Please see the attached chart that shows that the District's unrestricted funds (represented in green) available for any purpose have been used up. Thus, the funds available without restrictions are gone.
Because of these concerns, the District's FY 2011 budget, recently approved by City Council and the Mayor, begins the rebuilding of the Fund Balance and provides resources to pay for capital projects without borrowing the money.

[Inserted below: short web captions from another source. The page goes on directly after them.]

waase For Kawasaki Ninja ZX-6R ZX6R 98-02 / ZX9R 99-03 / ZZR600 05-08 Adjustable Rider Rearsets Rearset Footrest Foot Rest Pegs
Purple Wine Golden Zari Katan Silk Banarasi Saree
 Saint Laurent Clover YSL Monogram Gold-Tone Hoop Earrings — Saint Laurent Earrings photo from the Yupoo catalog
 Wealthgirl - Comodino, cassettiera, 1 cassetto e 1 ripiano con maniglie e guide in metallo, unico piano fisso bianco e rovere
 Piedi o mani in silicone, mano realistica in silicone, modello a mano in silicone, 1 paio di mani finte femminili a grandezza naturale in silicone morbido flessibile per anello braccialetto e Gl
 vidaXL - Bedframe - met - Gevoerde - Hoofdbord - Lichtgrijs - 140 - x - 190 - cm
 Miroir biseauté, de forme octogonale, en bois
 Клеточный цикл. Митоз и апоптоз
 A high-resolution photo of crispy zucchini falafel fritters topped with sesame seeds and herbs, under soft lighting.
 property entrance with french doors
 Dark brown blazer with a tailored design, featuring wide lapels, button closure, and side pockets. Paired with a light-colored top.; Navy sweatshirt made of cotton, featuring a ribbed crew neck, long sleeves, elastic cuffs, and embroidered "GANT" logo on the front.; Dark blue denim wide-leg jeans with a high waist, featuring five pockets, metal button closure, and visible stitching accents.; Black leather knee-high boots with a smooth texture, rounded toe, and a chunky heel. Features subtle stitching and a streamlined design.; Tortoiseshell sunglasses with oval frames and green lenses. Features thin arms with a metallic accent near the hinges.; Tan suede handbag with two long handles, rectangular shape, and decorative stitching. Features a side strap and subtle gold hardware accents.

Comparison between the U.S., the big guy around the corner with a ready printing press, and the District does not make macro-economic or fiscal sense. The federal government does not have to worry about the credit markets but the District, with its history of insolvency, has to be very careful. Also, even if the District spends away every penny of its reserves, it will have very little macroeconomic impact. So, Krugman is right about the U.S. but, unfortunately, DeBonis is wrong about the District.
Here's the chart Umansky references:
Some thoughts of my own:
I don't know that it's fair to criticize policymakers for not being able to "effectively manage their use and make plans to replenish them" when there has been such uncertainly about the depth and length of the recession (as evidenced by Gandhi's office having to repeatedly adjust revenue projections downward through last year). I think it's pretty clear now that both the mayor and council appreciate that we need to keep a close eye on the savings account as the economy recovers.
As far as downgrade threats, I appreciate what a downgrade would mean to debt service costs, and I understand it is Gandhi's role to yell the sky is falling, but Montgomery County and Chicago were both in much worse fiscal shape than the District when downgraded.
Chicago's budget was so busted that the city mortgaged its parking meters for 75 years to get an $1.15 billion one-time cash hit to balance the budget. That's a no-brainer downgrade if there ever was one.
MoCo's reserves sat at about 5 percent of yearly local operating spending at time of warning; even at low tide according to projections, D.C. is looking at dipping to only slightly under 10 percent. In my view, it seems the policymakers are most responsible when waltzing right up to the line without crossing it, which they appear to have done.
Umansky makes a good and fair point about liquidity, but that doesn't seem to have been much of a concern on the CFO's part at the beginning of the Fenty administration. Fenty's first budget director, Will Singer, told colleague Nikita Stewart earlier this month that "Gandhi's office recommended borrowing money at the beginning of the year to prevent dipping into the fund balance" -- so there seems to be a bit of a Johnny-Come-Lately feel to that argument. Of course, at the beginning of the Fenty administration, no one could have imagined a world where short-term credit would freeze such as it did in October 2008. And Umansky is right to note that the District, not yet 10 years removed from federal fiscal oversight, is held to a higher standard than other jurisdictions.
Also, allow me to clarify that I did not mean to make any macroeconomic claims about District spending -- D.C. certainly can't spend enough year to year to really make a dent in the regional economy. I meant to make the point that in both cases, from the international on down to the local, these calls for fiscal austerity are usually made by folks well removed from those who feel the repercussions.